Work task — Beginning with the line where "Wire-tailed_swallow" appears, restate each line word for word until the data ends. Pictures do not go in.

Source material —
#####
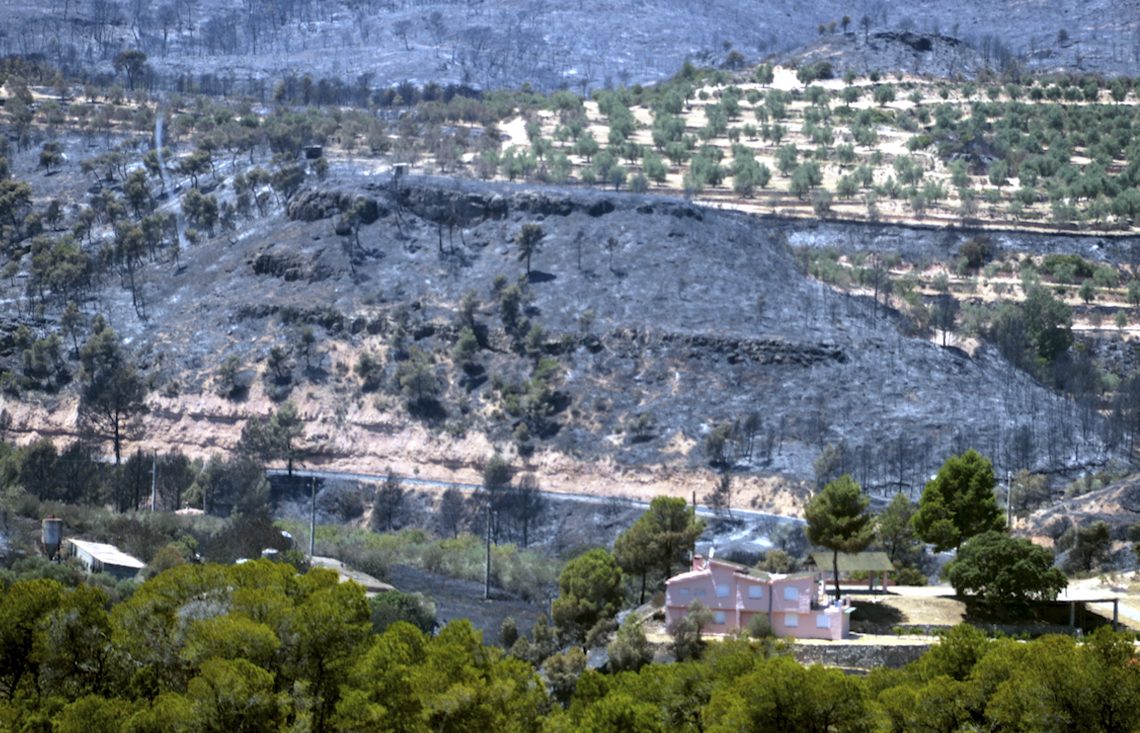 UP denuncia que l’Estat abandona la recuperació de les explotacions afectades per l’incendi a la Ribera d’Ebre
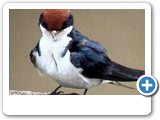 Wire-tailed_swallow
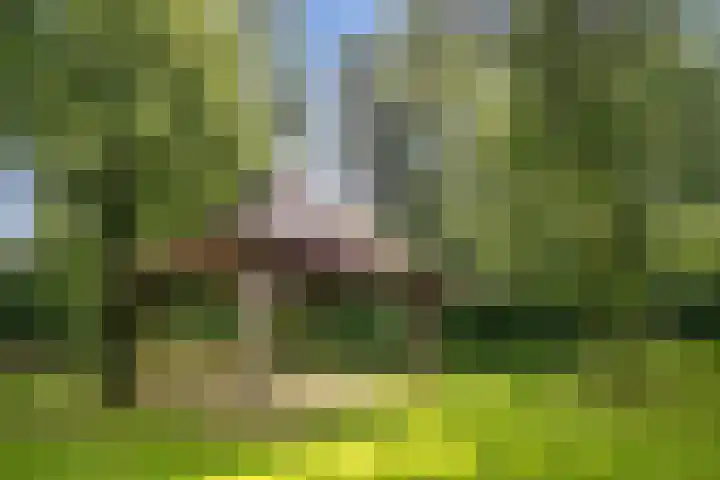 Groningensingel 571 Arnhem thumbnail 19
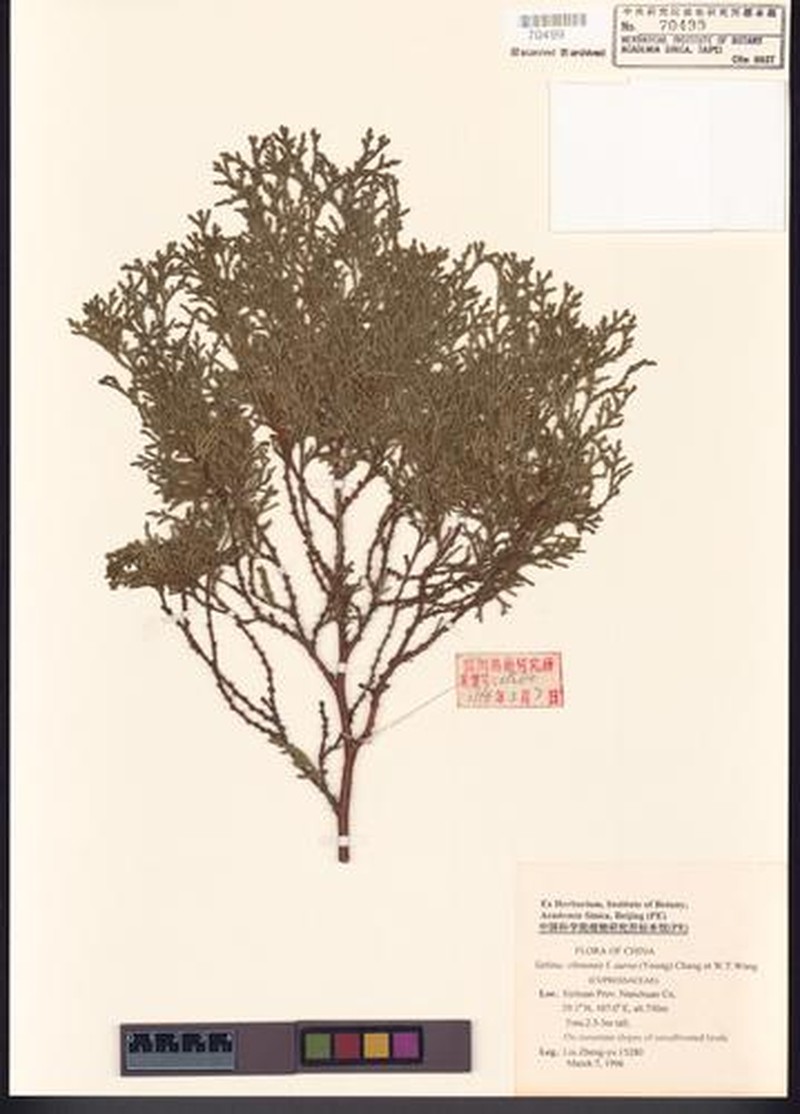 Juniperus chinensis var. chinensis photo 5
#####
Exercise solution —
 Wire-tailed_swallow
 Groningensingel 571 Arnhem thumbnail 19
 Juniperus chinensis var. chinensis photo 5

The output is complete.